Is there any way to measure (with microsecond accuracy) the time of a
program execution (without using Machine Specific Registers) ?
I've already tried getrusage(), times() and clock() but they all have
10 millisecond accuracy, even though they claim to have microsecond
acuracy.
The only thing that seems to work is to use one of the tools that measure
performanc through accessing the machine specific registers. They give you
the ability to measure the clock cycles used, but their accuracy is also
very low from what I have seen up to now.
Thank you very much in advance
--) Vangelis
Hi,
How about TSC? I know this has disadvantages such as:
a) not all machines have TSC
b) not all machines that claim to have TSC have a usable one.
c) on SMP the kernel makes a best effort to synchronize TSC but this may
or may not be guaranteed
d) you still need a userspace implementation to correctly map TSC cycles
to (micro)seconds using various MHz-specific ratios/whatever. I think
someone I know has already done this work but will let him speak if he
wants to release this to public or not.
other than the above, TSC (rdtsc instruction) is perfectly available to
userspace applications without special privileges. And it is 64bit so it
won't easily wrap around...
regards,
Tigran.
On Thu, 7 Dec 2000, Kotsovinos Vangelis wrote:
>
> Is there any way to measure (with microsecond accuracy) the time of a
> program execution (without using Machine Specific Registers) ?

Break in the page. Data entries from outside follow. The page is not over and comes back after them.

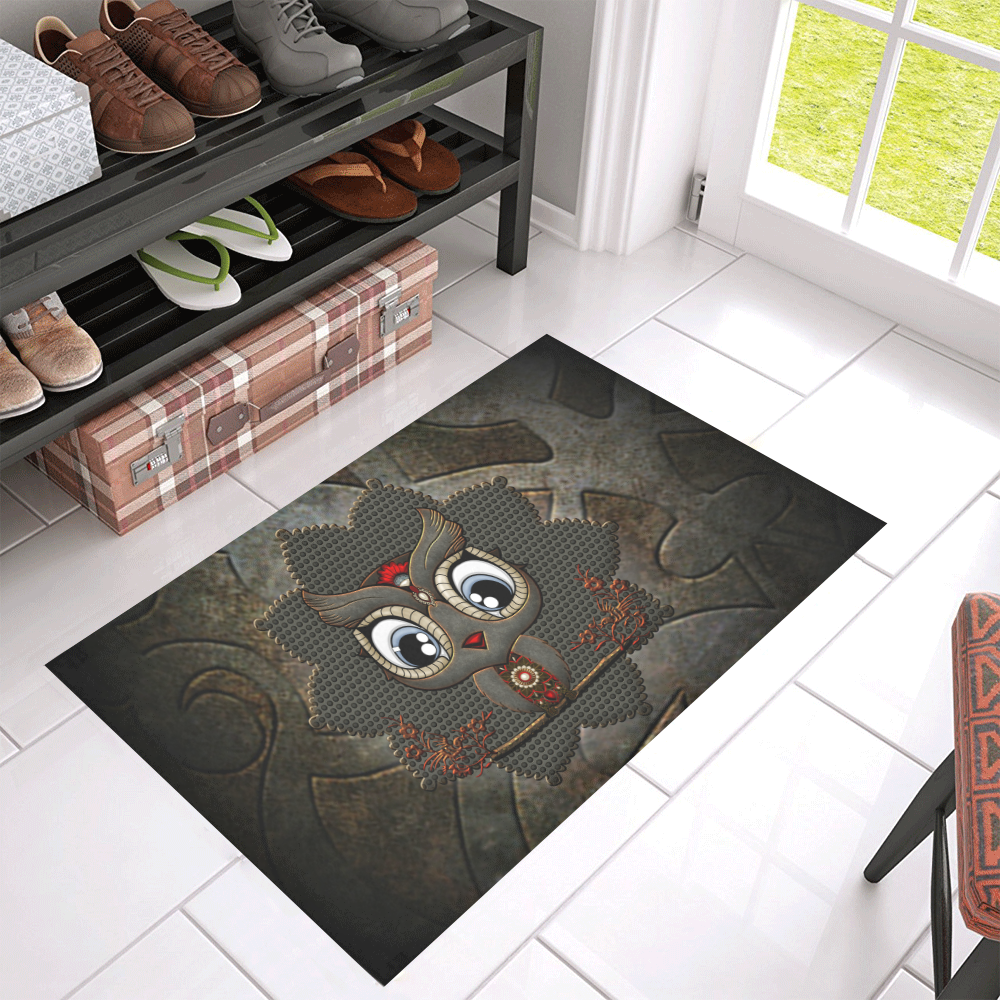 Funny steampunk owl Azalea Doormat 30" x 18" (Sponge Material)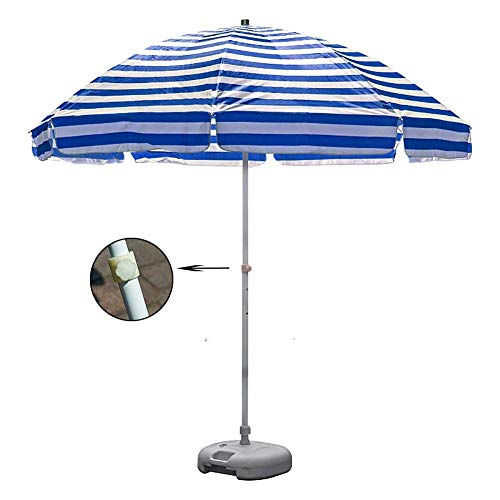 Paraguas parasol de rayas azules y blancas con 8 varillas de acero para jardín y terraza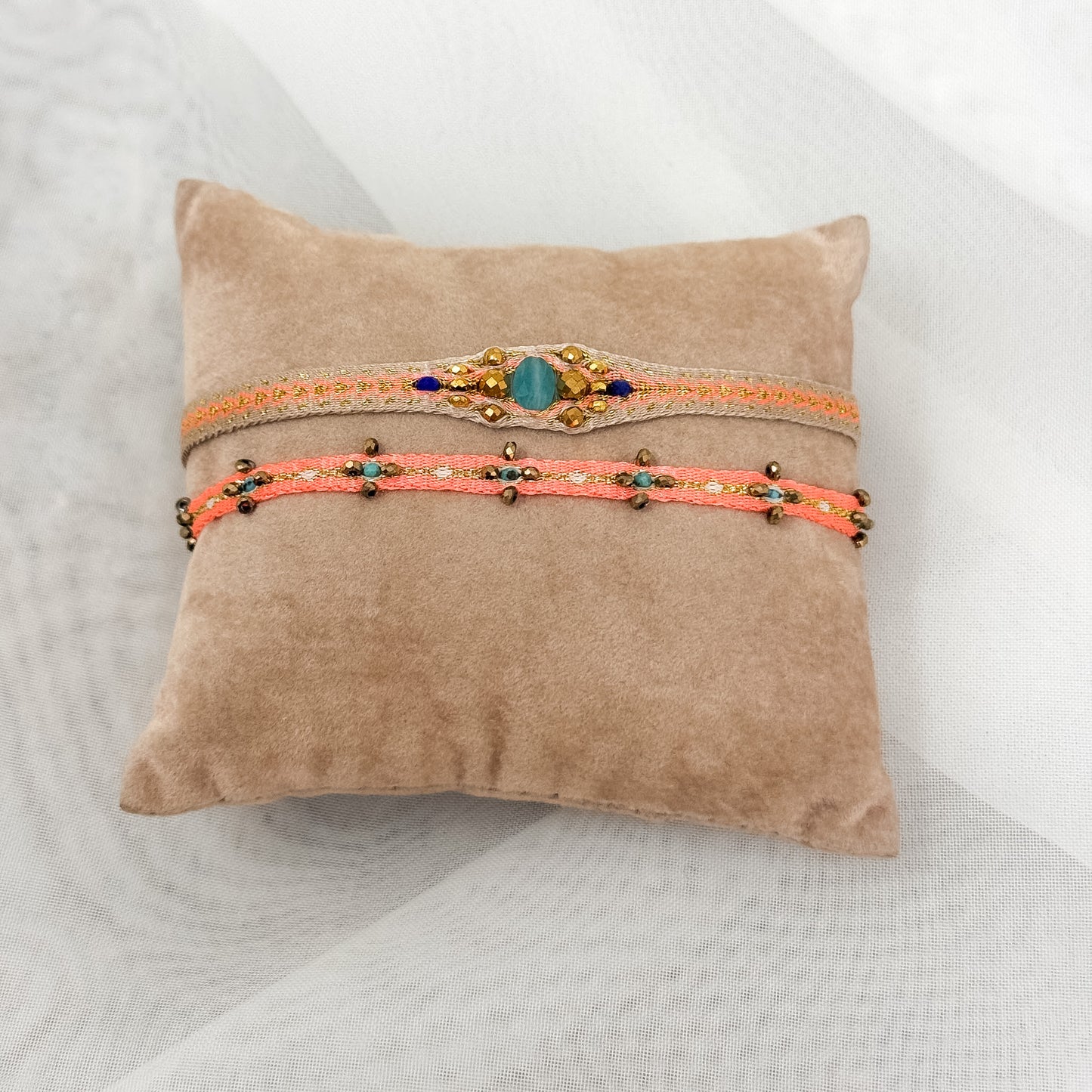Bracciale Parigi esclusivo in lurex fluo e pietre semi preziose - 0.7cm regolabile - Lumiere Bijoux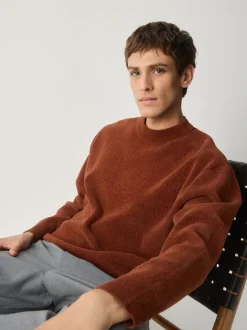 Orange brûlé - Pull col rond en chenille uni coupe décontractée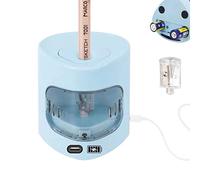 Electric Pencil Sharpener Mains Power JIJICZ 6-8mm USB and Battery Operated Heavy Duty Small Automatic Pencil Sharpener with Container for Kids, Artist, Student, USB Cable Not Included, Blue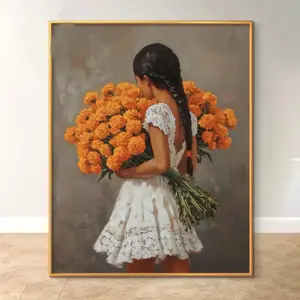 UNFRAMED Mexico Wall Art Dia de Muertos Cempasuchil Marigold Ghost Digital Print Folk Art Papel Picado Monarch Butterflies Mexican Decor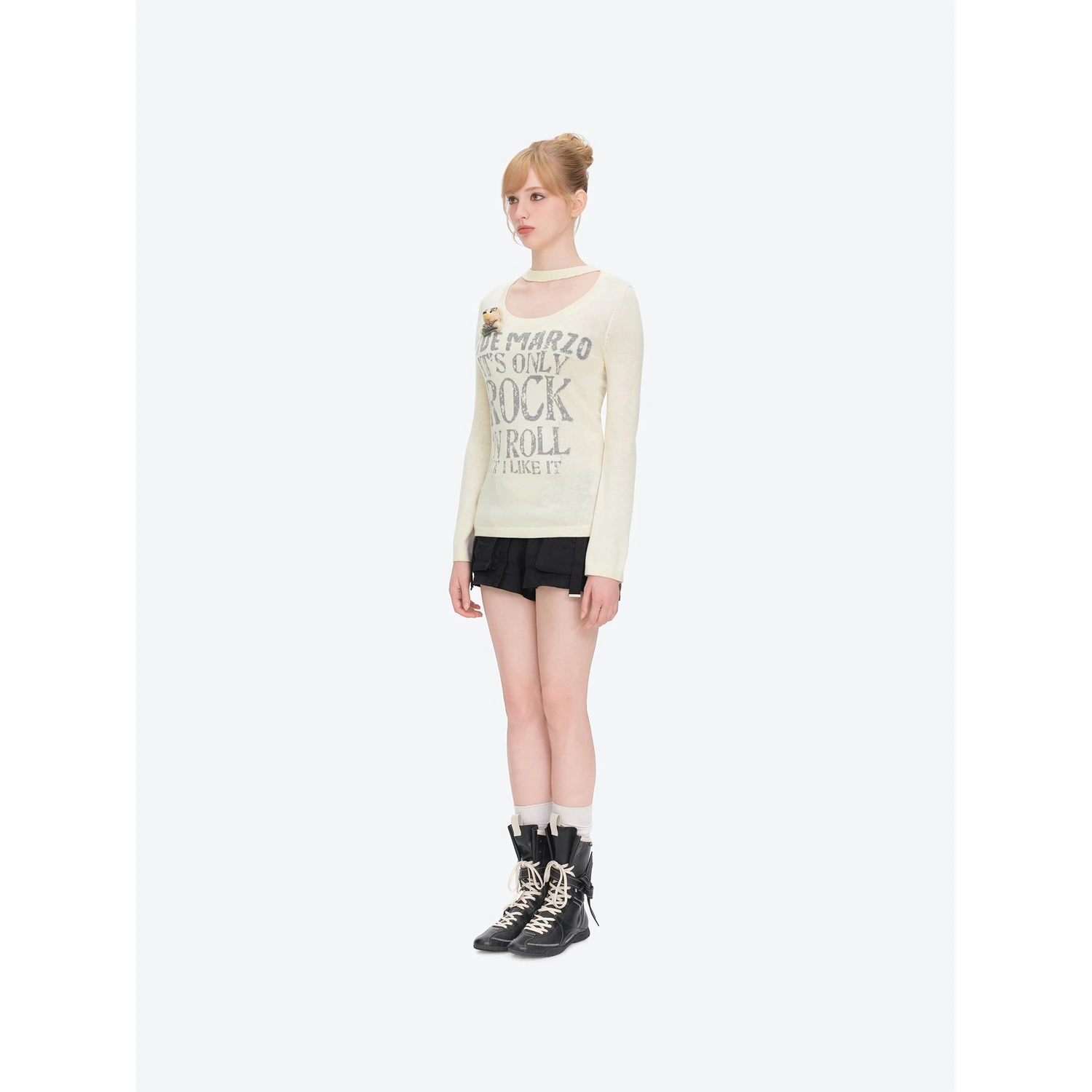 13DE MARZO Rolling Stones Layering Sweater Beige - Image 3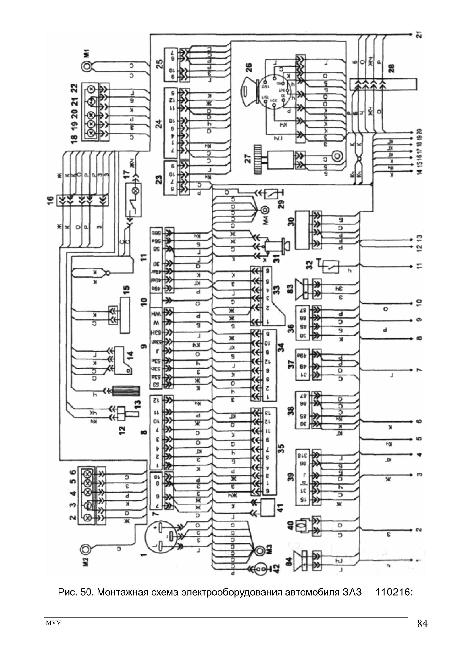 Монтажная схема электрооборудования автомобиля ЗАЗ – 110216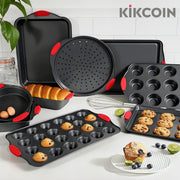 Kikcoin Bakeware Set, 33-Piece Nonstick Carbon Steel Pans with Insulated Silicone Handles, Gray, 05GY9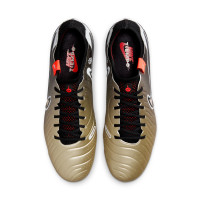 Nike Tiempo Legend 10 Elite Gazon Naturel Chaussures de Foot (FG) Doré Noir Blanc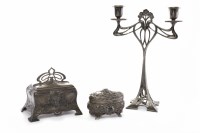 Lot 1282 - JUGENDSTIL WMF PEWTER TWIN CANDLESTICK...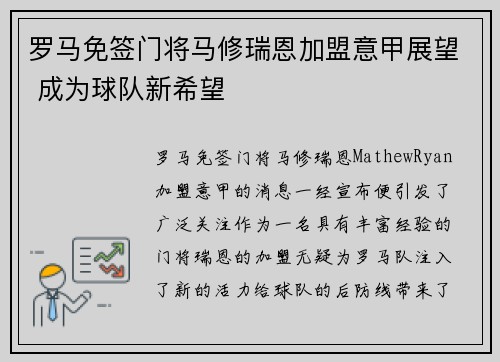 罗马免签门将马修瑞恩加盟意甲展望 成为球队新希望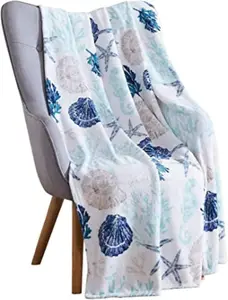 Ocean Life Coastal Throw Blanket: Soft Plush Velvet Fleece Calming Hues of Blues Beige on White, Accent for Sofa Couch Chair Bed or Dorm (Coastal Shells)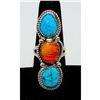 Image 2 : Navajo Orange Spiny Turquoise Statement Ring Sz 8 Yazzie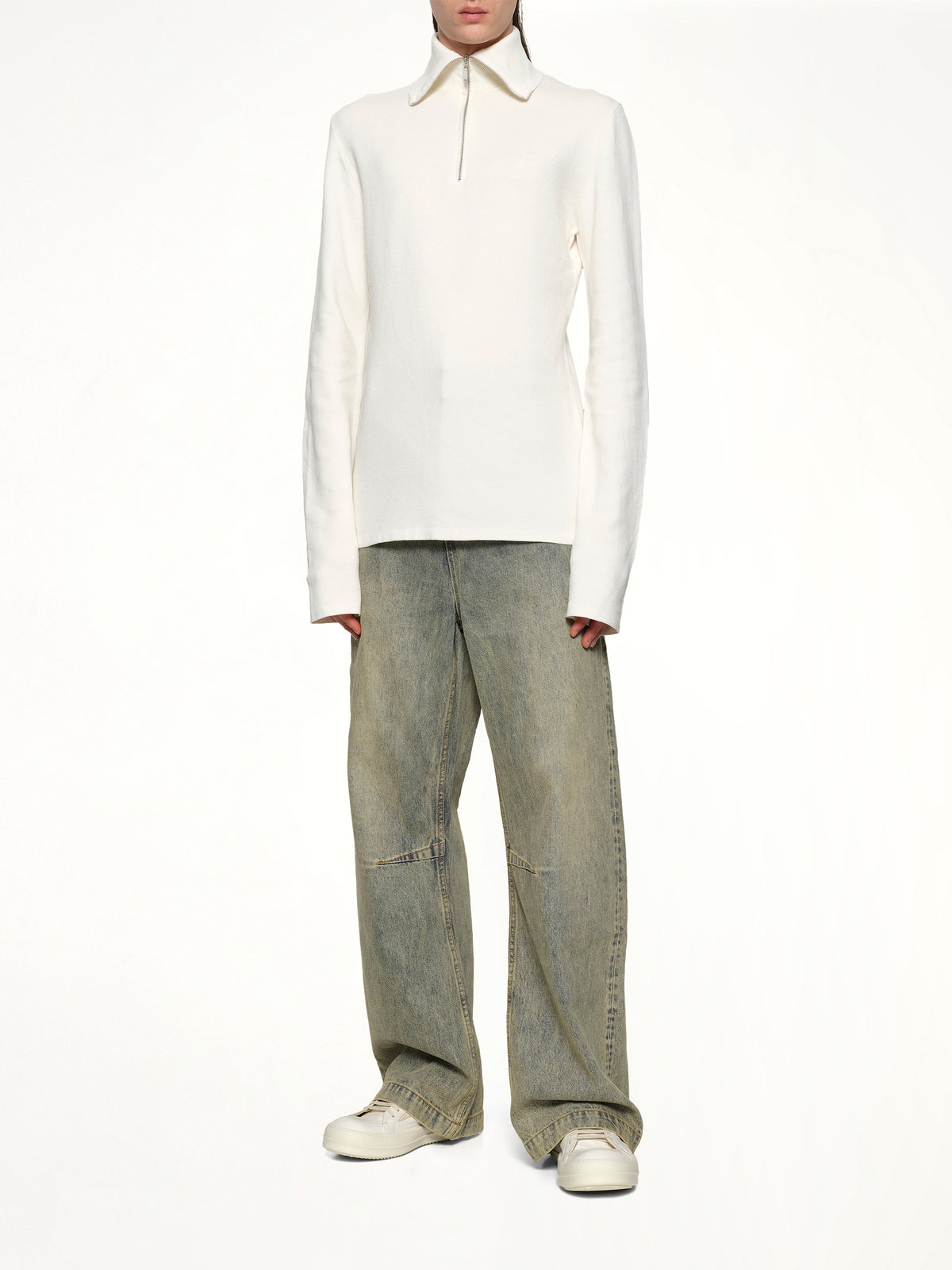 Zip Up Turtle Neck in Ivory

> I've already tried getrusage(), times() and clock() but they all have
> 10 millisecond accuracy, even though they claim to have microsecond
> acuracy.
> The only thing that seems to work is to use one of the tools that measure
> performanc through accessing the machine specific registers. They give you
> the ability to measure the clock cycles used, but their accuracy is also
> very low from what I have seen up to now.
>
> Thank you very much in advance
>
> --) Vangelis
>
> -
> To unsubscribe from this list: send the line "unsubscribe linux-kernel" in
> the body of a message to [email protected]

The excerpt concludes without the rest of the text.